# [Recorded information]
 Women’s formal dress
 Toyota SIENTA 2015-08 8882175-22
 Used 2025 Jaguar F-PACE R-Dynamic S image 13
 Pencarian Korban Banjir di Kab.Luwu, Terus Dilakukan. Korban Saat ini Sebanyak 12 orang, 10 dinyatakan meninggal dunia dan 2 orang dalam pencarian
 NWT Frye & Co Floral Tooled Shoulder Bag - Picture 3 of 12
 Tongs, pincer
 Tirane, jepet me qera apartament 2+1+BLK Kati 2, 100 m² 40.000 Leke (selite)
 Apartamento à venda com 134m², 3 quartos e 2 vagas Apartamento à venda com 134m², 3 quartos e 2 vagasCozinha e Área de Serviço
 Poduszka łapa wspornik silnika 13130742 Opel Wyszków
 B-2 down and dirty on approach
==
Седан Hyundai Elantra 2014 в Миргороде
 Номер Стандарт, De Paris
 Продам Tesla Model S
---
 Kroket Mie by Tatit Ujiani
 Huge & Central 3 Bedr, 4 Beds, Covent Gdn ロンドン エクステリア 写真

# [Problem statement]
Would you please copy, word for word, everything above from the line containing "Used 2025 Jaguar F-PACE R-Dynamic S image 13" down to the line containing "B-2 down and dirty on approach", those two lines included?

# [The answer]
 Used 2025 Jaguar F-PACE R-Dynamic S image 13
 Pencarian Korban Banjir di Kab.Luwu, Terus Dilakukan. Korban Saat ini Sebanyak 12 orang, 10 dinyatakan meninggal dunia dan 2 orang dalam pencarian
 NWT Frye & Co Floral Tooled Shoulder Bag - Picture 3 of 12
 Tongs, pincer
 Tirane, jepet me qera apartament 2+1+BLK Kati 2, 100 m² 40.000 Leke (selite)
 Apartamento à venda com 134m², 3 quartos e 2 vagas Apartamento à venda com 134m², 3 quartos e 2 vagasCozinha e Área de Serviço
 Poduszka łapa wspornik silnika 13130742 Opel Wyszków
 B-2 down and dirty on approach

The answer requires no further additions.